By Joyce Moullakis and Christine Harper
June 18 (Bloomberg) -- Morgan Stanley suspended a credit trader and disclosed a $120 million ``negative adjustment'' related to erroneous valuations of his positions, Chief Financial Officer Colm Kelleher said.
The New York-based firm is cooperating with authorities in London and is conducting an internal review after discovering the error last month, Kelleher said in an interview today. He declined to identify the trader. Joseph Eyre, a London-based spokesman for Britain's Financial Services Authority, declined to comment.
Morgan Stanley, the second-biggest U.S. securities firm by market value, joins at least three competitors in identifying incorrect pricing this year. Credit Suisse Group, Switzerland's second-largest bank, announced $2.65 billion of writedowns on asset-backed securities in March after an internal review found intentional ``mismarkings'' by a group of traders.
``There is a greater degree of scrutiny than before,'' said Peter Hahn, a research fellow at City University's Cass Business School in London and a former managing director at Citigroup Inc. ``We are in an environment where prudence is more highly valued than earnings. You don't want to test market confidence on internal controls.''
Morgan Stanley fell as much as 7.8 percent, and was 1.5 percent lower at $39.97 at 1:33 p.m. in New York Stock Exchange composite trading. The stock is down 25 percent so far this year.
`Dealt With'
``I do believe it's isolated, it's a very different situation from a `prop' trading bet going wrong,'' Kelleher said on a conference call with analysts. ``It's just something we caught, our controls caught, and we dealt with it. In these sort of stressed environments you'd expect to see people try to behave inappropriately.''
Morgan Stanley reported a 57 percent drop in second-quarter profit today as revenue from asset management and investment banking declined, while equities and fixed-income traders generated less profit. Morgan Stanley's fixed-income sales and trading revenue decreased 85 percent to $414 million, reflecting a drop in income from interest rate, credit, and currency products and commodities. The firm also had losses of $436 million on mortgage-related trades.

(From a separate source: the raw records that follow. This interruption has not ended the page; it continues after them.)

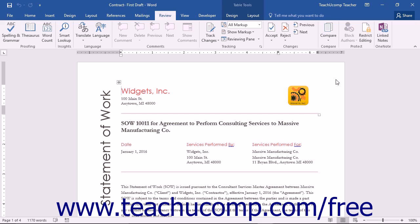This allows you to create and compare multiple copies of a legal document, noting changes between the original, the first draft, the second draft, and so on. This is beneficial because it allows you to keep all copies of the drafts for historical purposes, showing the changes that were made and who requested the changes.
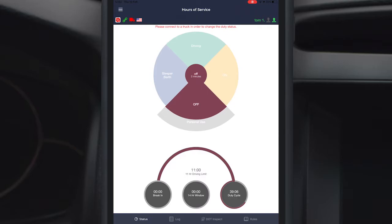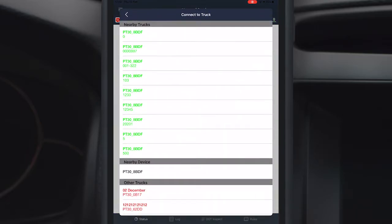Then go to the home screen, click on the truck icon on the left hand corner, wait until available nearby trucks is listed, select your truck number and wait until connected.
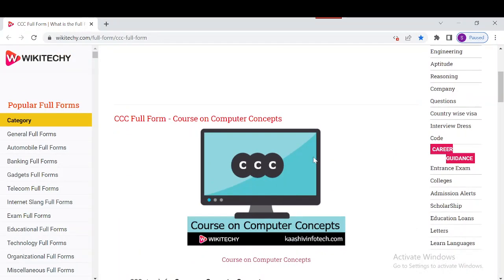The National Institute of Electronics and Information Technology, which operates within the Ministry of Electronics and Information Technology, Government of India, has introduced the scheme of the Course on Computer Concepts for the common people. This course aims to provide basic computer knowledge to make people computer literate. After completing this course, one can easily use a computer for various purposes like typing letters, sending emails, reading news, online shopping, social media, and much more.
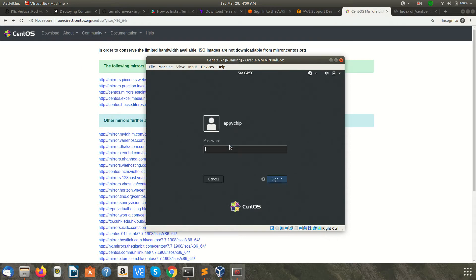Click on this. It will ask for a password. This is the same password you gave while installing.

In March, Lehman Brothers Holdings Inc., the fourth-largest U.S. securities firm, suspended two London-based equity traders after internal controls identified ``issues'' on share valuations. The sums involved were ``not material,'' an official for the company said at the time.
Enforced Vacations
New York-based Merrill Lynch & Co. said last month it was probing a trading desk in London and had suspended a trader after discovering he may have overstated the value of some of the bank's equity derivatives.
Deutsche Bank AG, saying it was seeking to avoid fraud, last month introduced a policy forcing traders and some bankers to take 10 consecutive working days of vacation every year, according to an internal memorandum to employees. Credit Suisse obliges all employees to take five consecutive days of annual leave each year, regardless of their position.
Morgan Stanley makes traders and other selected employees take at least five, or as many as 10 consecutive days of vacation, depending on their role and location.